Автор книги «Последний Петербург. Воспоминания камергера» в предреволюционные годы принял непосредственное участие в проведении реформаторской политики С. Ю. Витте, а затем П. А. Столыпина. Иван Тхоржевский сопровождал Столыпина в его поездке по Сибири. После революции вынужден был эмигрировать. Многие годы печатался в русских газетах Парижа как публицист и как поэт-переводчик. Воспоминания Ивана Тхоржевского остались незавершенными. Они впервые собраны в отдельную книгу. В них чувствуется жгучий интерес к разрешению самых насущных российских проблем. В приложении даются, в частности, избранные переводы четверостиший Омара Хайяма, впервые с исправлениями, внесенными Иваном Тхоржевский в печатный текст парижского издания книги четверостиший. Для самого широкого круга читателей.
Искусствоведы теряются перед громадой многоликого творчества художника-авангардиста Марка Шагала, прожившего почти столетнюю жизнь…
Проза быта и творимая легенда переплелись вокруг личности многогранного и бесконечно талантливого русского художника-авангардиста Владимира Татлина.
В книге рассказывается история главного героя, который сталкивается с различными проблемами и препятствиями на протяжении всего своего путешествия. По пути он встречает множество второстепенных персонажей, которые играют важные роли в истории. Благодаря опыту главного героя книга исследует такие темы, как любовь, потеря, надежда и стойкость. По мере того, как главный герой преодолевает свои трудности, он усваивает ценные уроки жизни и растет как личность.

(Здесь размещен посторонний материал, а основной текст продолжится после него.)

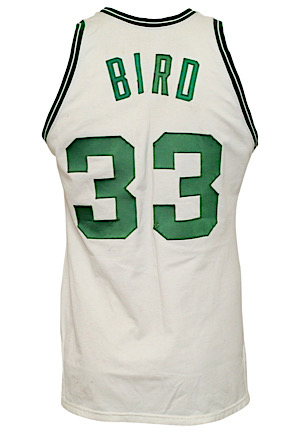 1985-86 Larry Bird Boston Celtics Game-Used Home Knit Jersey (Sourced From Celtics Ball Boy In 89 • MEARS A10 • Championship & MVP Season)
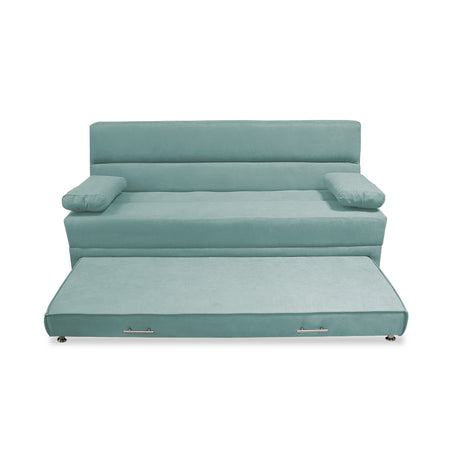 Sofacama Ferreira Menta 190x95cm de Tres Puestos Reclinable Antifluido y sin Apoya Brazos - SOFAS Y POLTRONAS | Bylmo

В книге рассказывается история главного героя, который сталкивается с различными проблемами и препятствиями на протяжении всего своего путешествия. По пути он встречает множество второстепенных персонажей, которые играют важные роли в истории. Благодаря опыту главного героя книга исследует такие темы, как любовь, потеря, надежда и стойкость. По мере того, как главный герой преодолевает свои трудности, он усваивает ценные уроки жизни и растет как личность.